Several businesses downtown will participate in the event, including food establishments such as SubZone, Sparky's Homemade Ice Cream and The Candy Factory.
Many of the businesses have planned themes for the night, some of which are quirky and inspired by Christmas pop culture of the past. Slacker's CDs & Games' theme is "Nightmare Before Christmas," a reference to Tim Burton's 1993 animated feature, which blended Halloween with Christmas. Makes Scents, a custom fragrance shop on Ninth Street, will draw inspiration from Sherwood Schwartz's legendary TV show with "A Very Brady Christmas." At Sparky's Homemade Ice Cream, disco will meet the North Pole with "Holiday Night Fever."
Ashley Aspinwall, assistant manager of Elly's Couture said the shop will have a model in the window to bring people into the store.
The store wants to encourage people to buy locally, she said.
Ruth LaHue, owner of My Secret Garden on East Broadway, said the store's themes in previous years included "The Nutcracker," "Run, Run, as Fast You Can, I'm the Gingerbread Man" and "Chinese New Year's."
She said she particularly enjoys seeing faces at the festival and remembers a particularly touching moment from a past year.
LaHue said a man came in and said, "I recently had some crises in my life, but when I was looking in your window at the little girl running like the Gingerbread Man, I just told myself, 'It's going to be a good Christmas.'"

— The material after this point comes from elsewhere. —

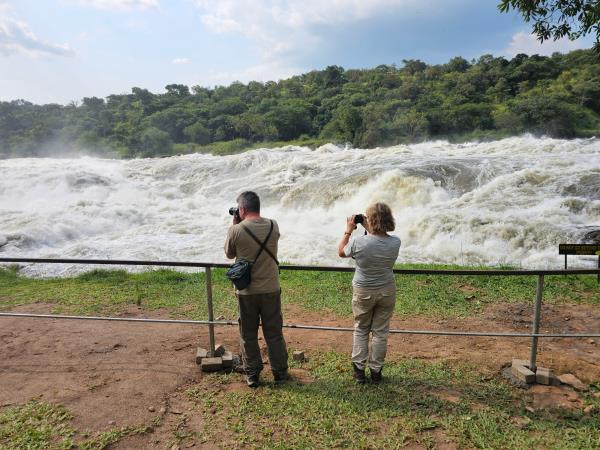 Uganda family safari holiday, all inclusive 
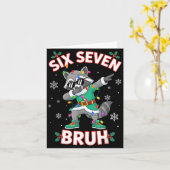 Six Seven Bruh Dabbing Raccoon Funny Christmas 6 7 カード (黄色い花)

First Christian Church traditionally puts on a live Nativity scene on the church's lawn for 10 to 15 minutes at the festival. It is repeated every half hour.
First Christian Church Associate Minister Jimmy Spear said many of the church's members, from the children to adults and retirees, participate in the performance.
Gartner said aside from promoting local businesses, the event is meant to bring the community together. LaHue agreed.
"I feel like all of these kinds of celebrations have a unifying effect on our community," LaHue said. "It makes us feel like we all have one heart and one spirit."